Aim of the task: Copy word for word the lines of the records below, beginning at the one with "29-32, фото 3" and finishing at the one with "100 Stück Schattentuchclips", ends included, but none of the pictures.

[Data records]
☆ ☆ ☆

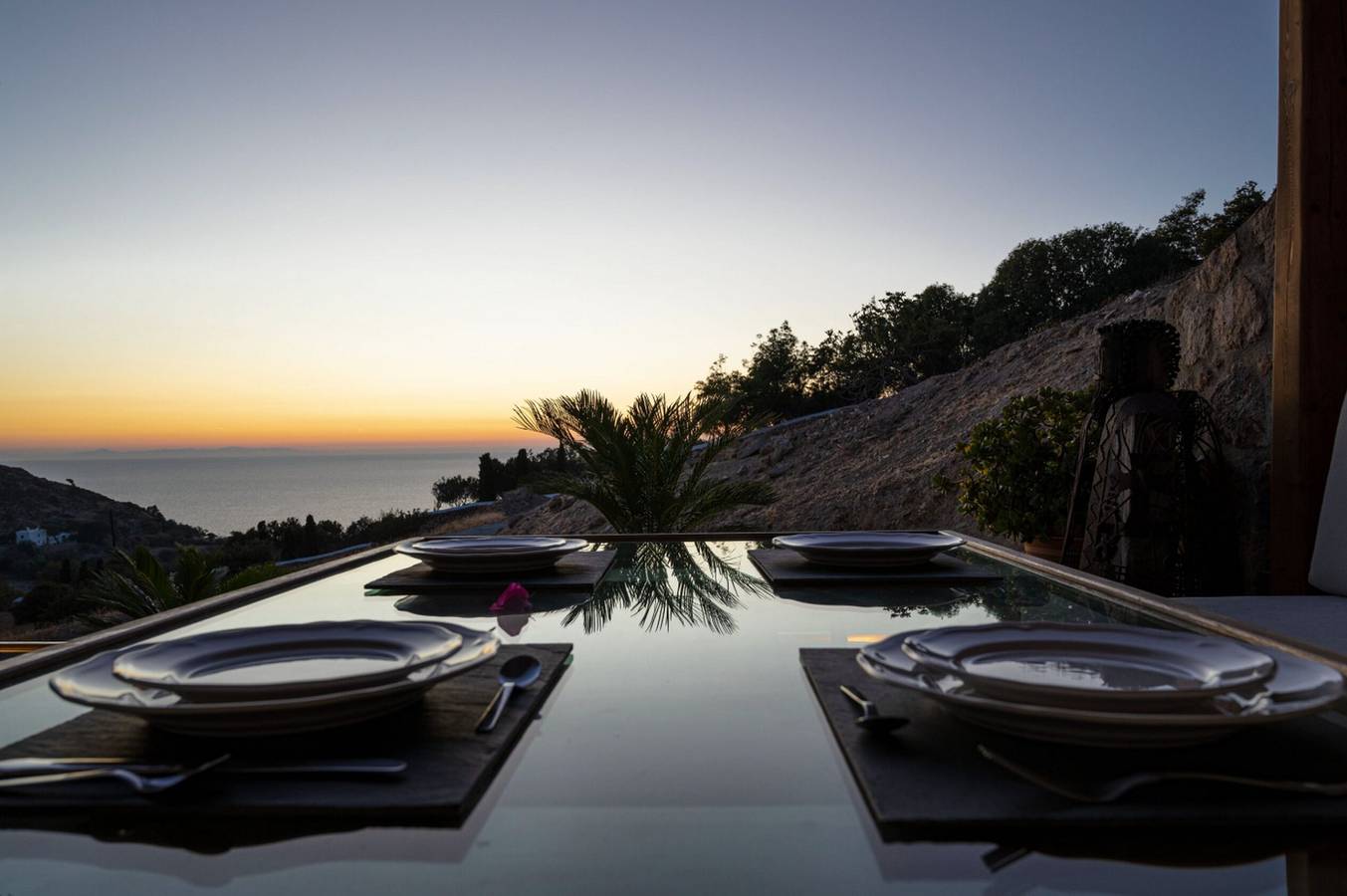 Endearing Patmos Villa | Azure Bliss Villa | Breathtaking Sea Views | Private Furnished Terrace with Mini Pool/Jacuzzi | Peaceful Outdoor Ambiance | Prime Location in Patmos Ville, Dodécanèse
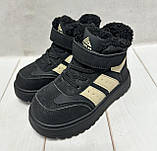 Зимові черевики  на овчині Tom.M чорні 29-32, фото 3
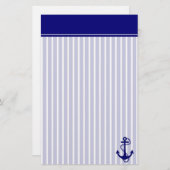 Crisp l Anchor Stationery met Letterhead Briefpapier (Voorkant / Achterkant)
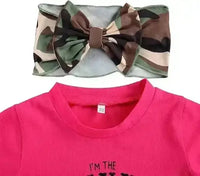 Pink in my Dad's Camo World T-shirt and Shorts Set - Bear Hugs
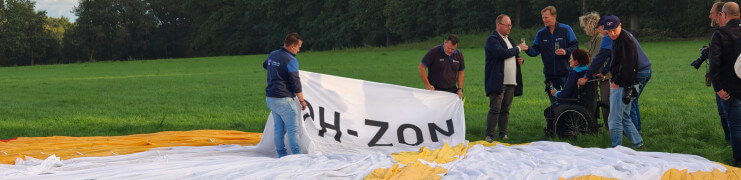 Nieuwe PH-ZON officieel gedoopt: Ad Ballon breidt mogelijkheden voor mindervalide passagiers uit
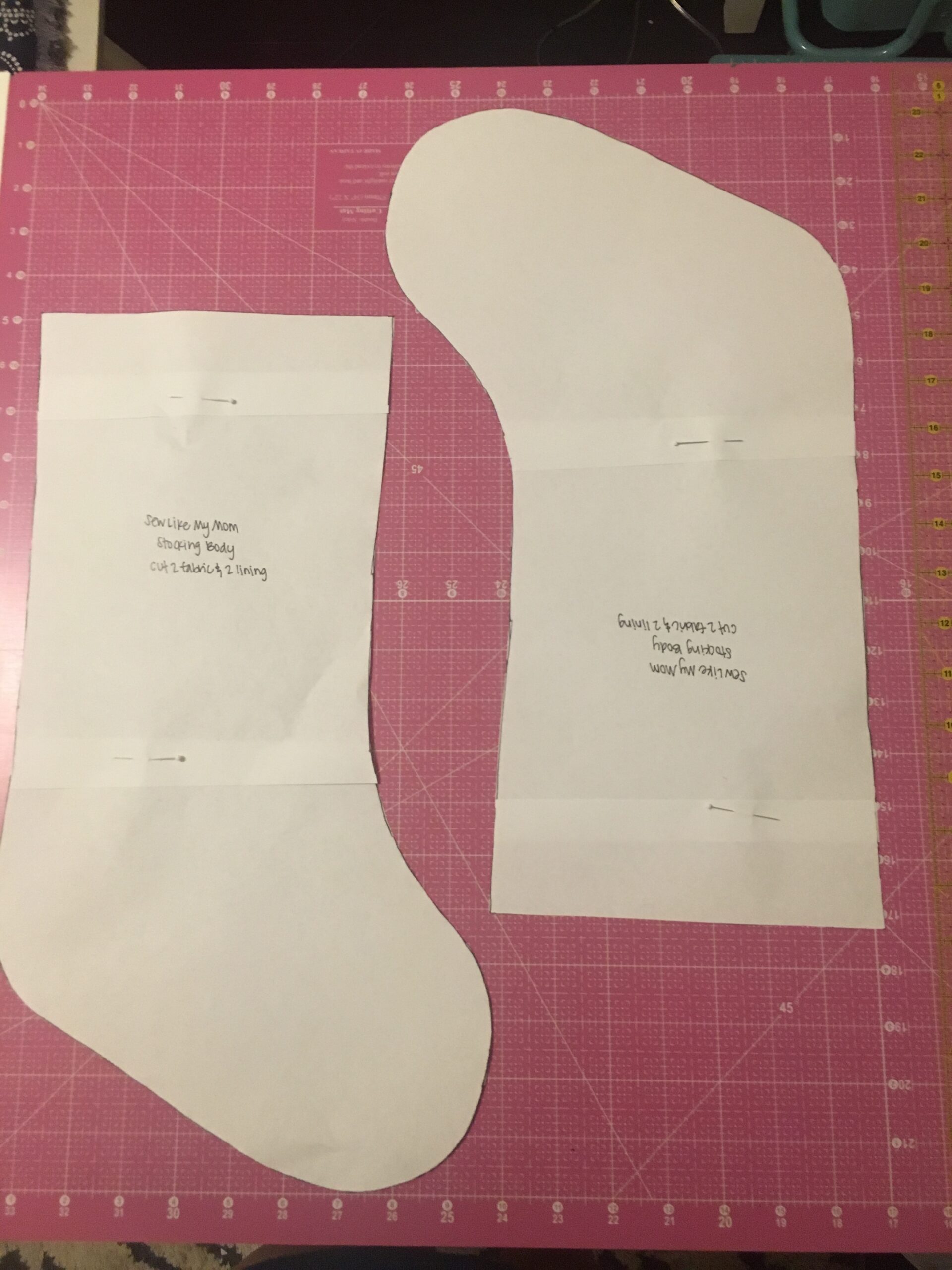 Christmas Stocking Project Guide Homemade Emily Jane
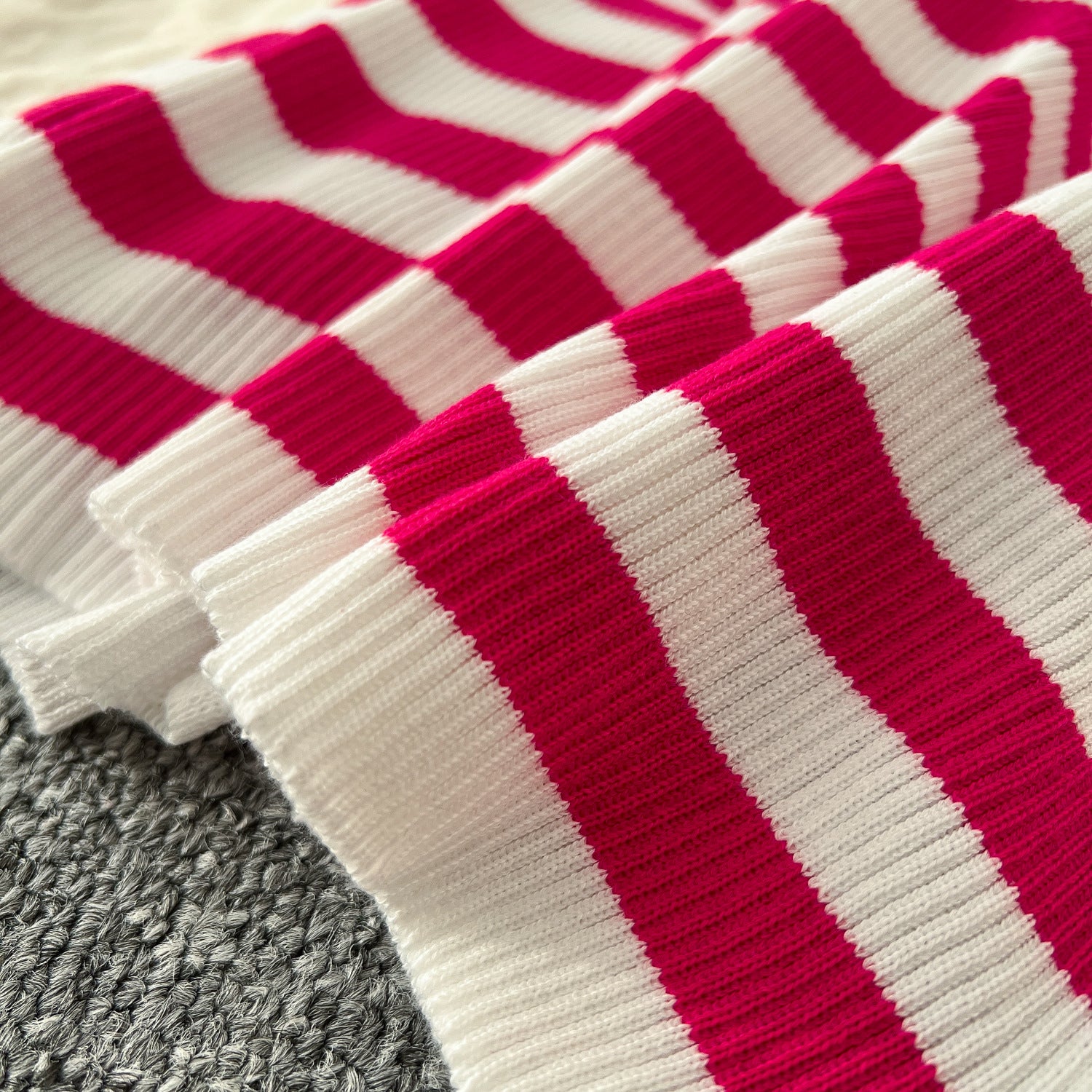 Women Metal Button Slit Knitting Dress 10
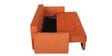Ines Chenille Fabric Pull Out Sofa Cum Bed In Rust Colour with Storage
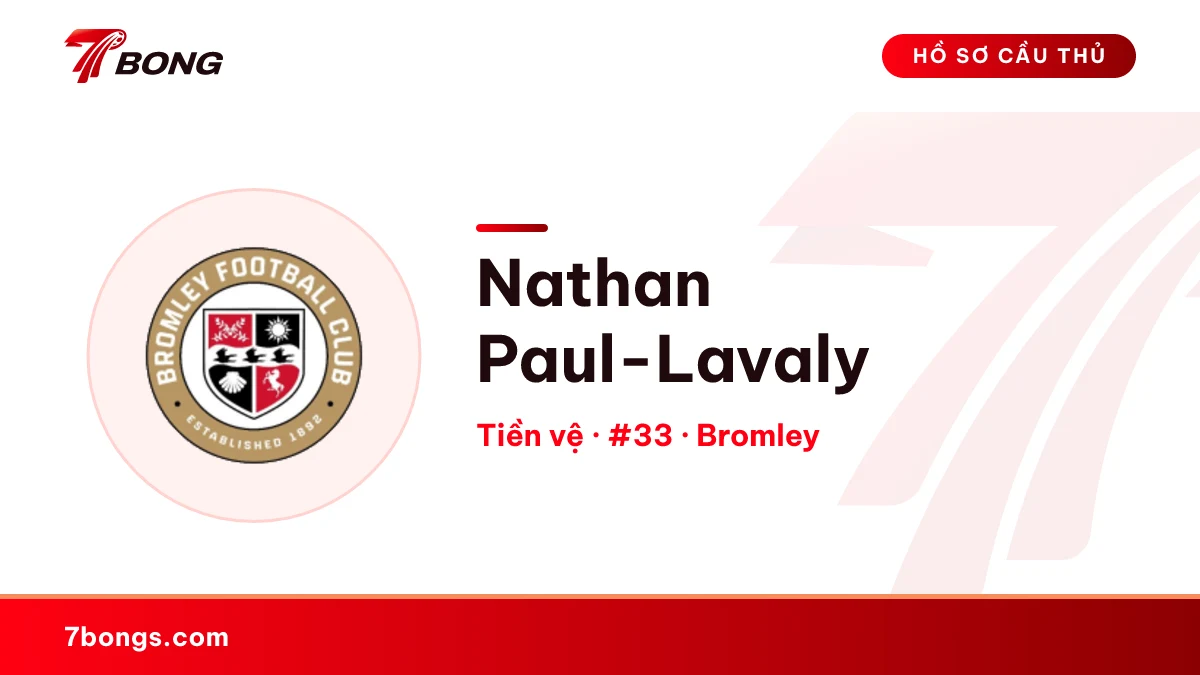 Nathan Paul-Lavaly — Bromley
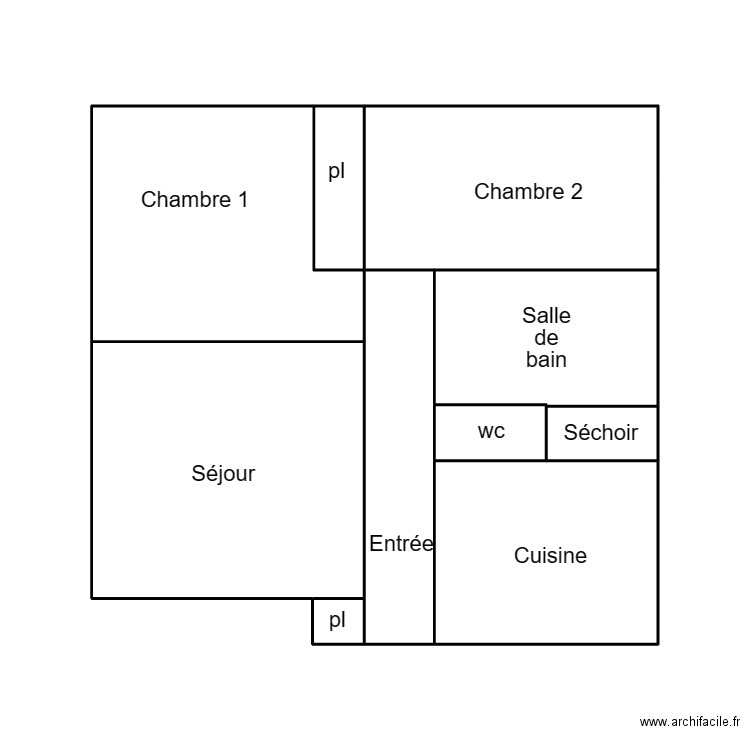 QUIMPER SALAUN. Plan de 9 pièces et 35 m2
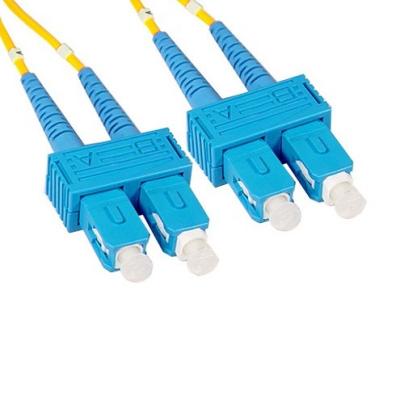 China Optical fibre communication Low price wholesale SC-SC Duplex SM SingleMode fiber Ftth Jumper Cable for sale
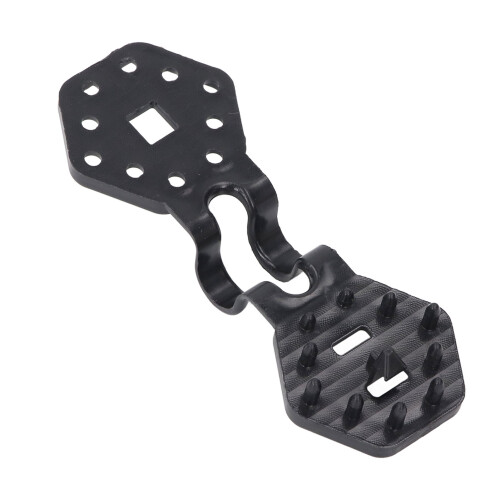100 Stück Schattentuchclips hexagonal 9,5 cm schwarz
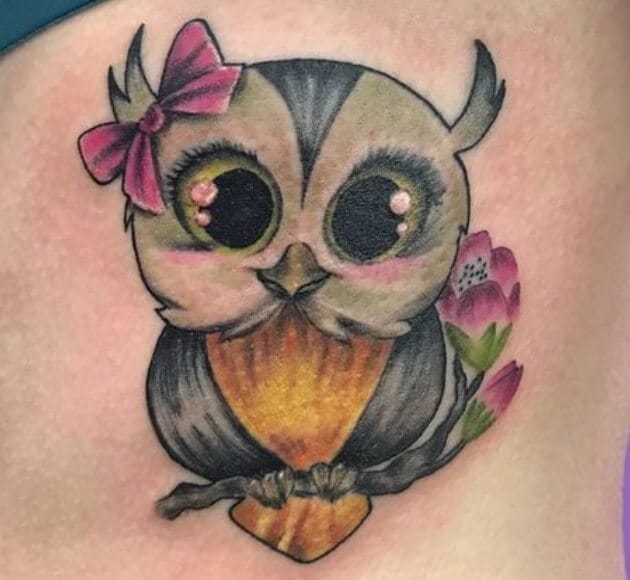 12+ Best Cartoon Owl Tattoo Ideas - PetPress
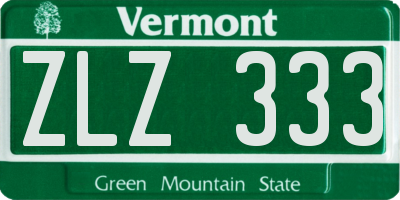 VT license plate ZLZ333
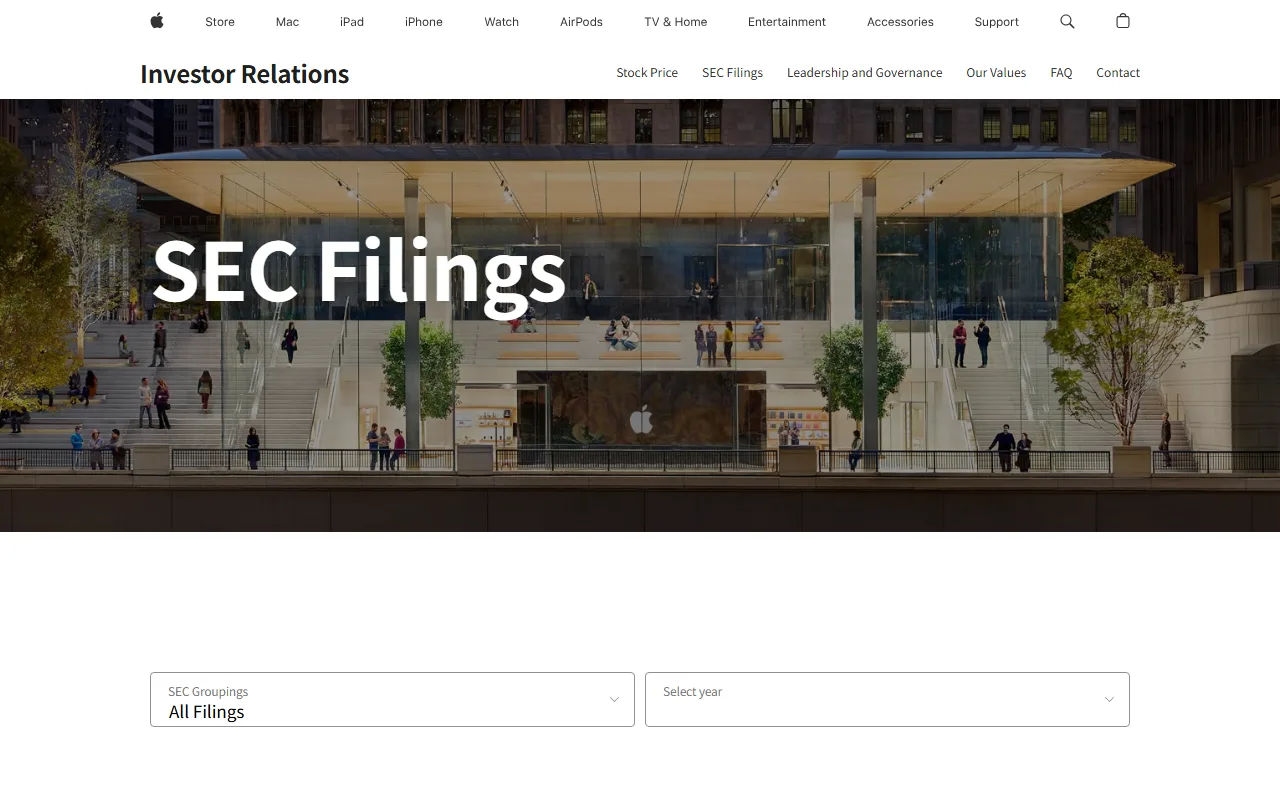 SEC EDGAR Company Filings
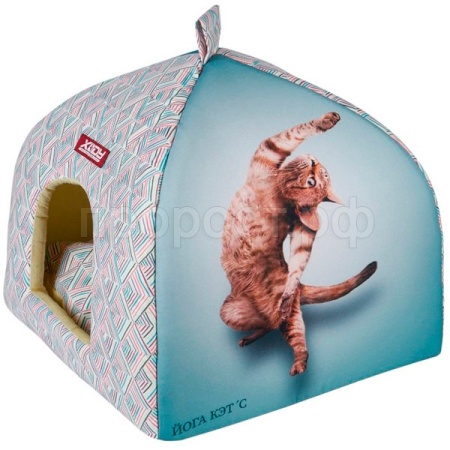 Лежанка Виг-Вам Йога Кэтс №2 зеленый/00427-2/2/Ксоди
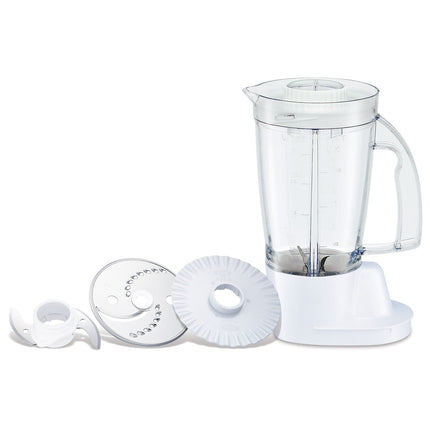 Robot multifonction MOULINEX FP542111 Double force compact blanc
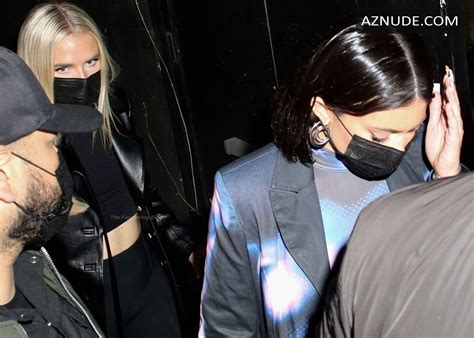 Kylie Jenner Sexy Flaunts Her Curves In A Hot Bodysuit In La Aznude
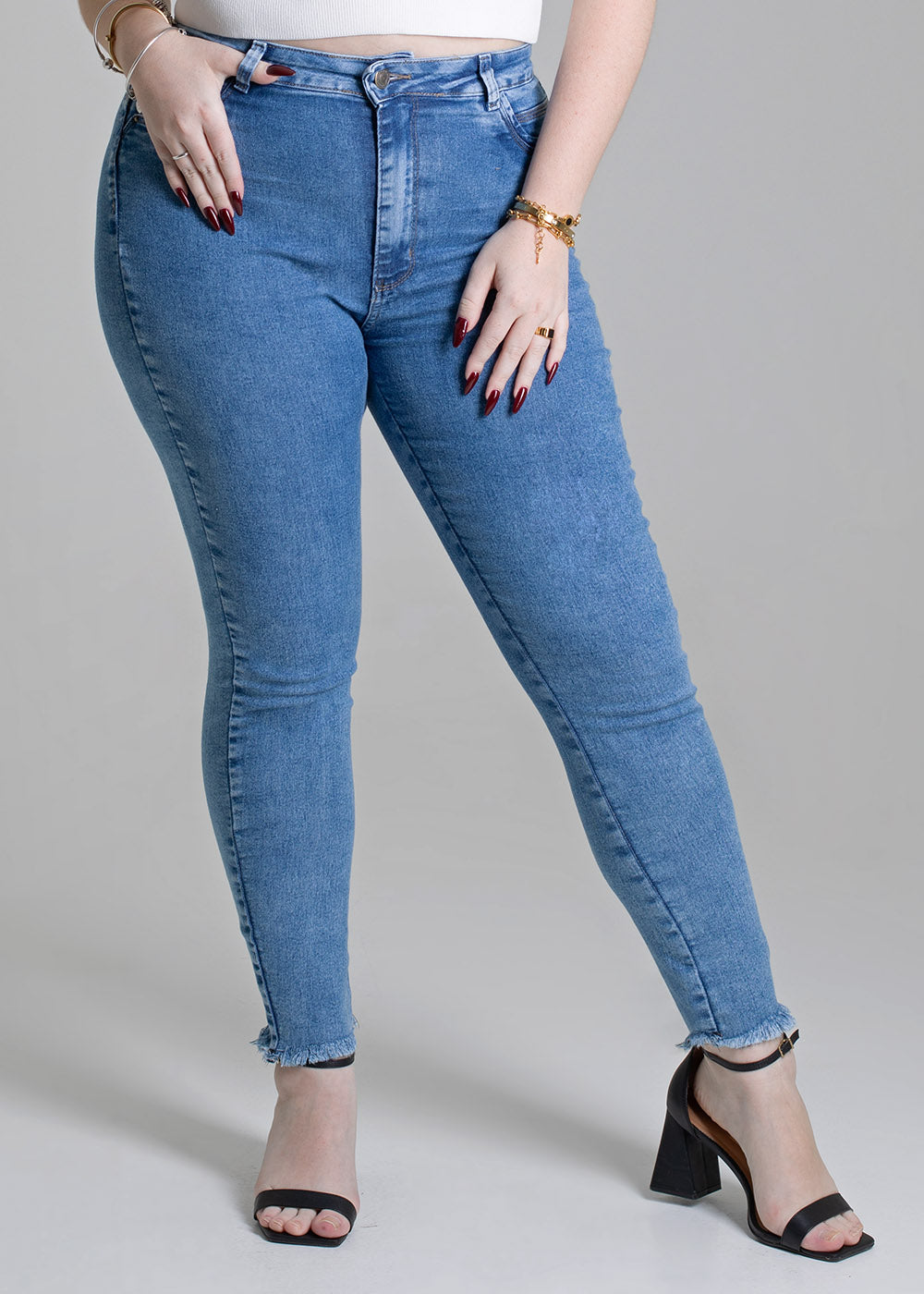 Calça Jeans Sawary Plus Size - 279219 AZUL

☆ ☆ ☆

Output:
 Зимові черевики  на овчині Tom.M чорні 29-32, фото 3
 Crisp l Anchor Stationery met Letterhead Briefpapier (Voorkant / Achterkant)
 Pink in my Dad's Camo World T-shirt and Shorts Set - Bear Hugs
 Nieuwe PH-ZON officieel gedoopt: Ad Ballon breidt mogelijkheden voor mindervalide passagiers uit
 Christmas Stocking Project Guide Homemade Emily Jane
 Women Metal Button Slit Knitting Dress 10
Ines Chenille Fabric Pull Out Sofa Cum Bed In Rust Colour with Storage
 Nathan Paul-Lavaly — Bromley
 QUIMPER SALAUN. Plan de 9 pièces et 35 m2
 China Optical fibre communication Low price wholesale SC-SC Duplex SM SingleMode fiber Ftth Jumper Cable for sale
100 Stück Schattentuchclips hexagonal 9,5 cm schwarz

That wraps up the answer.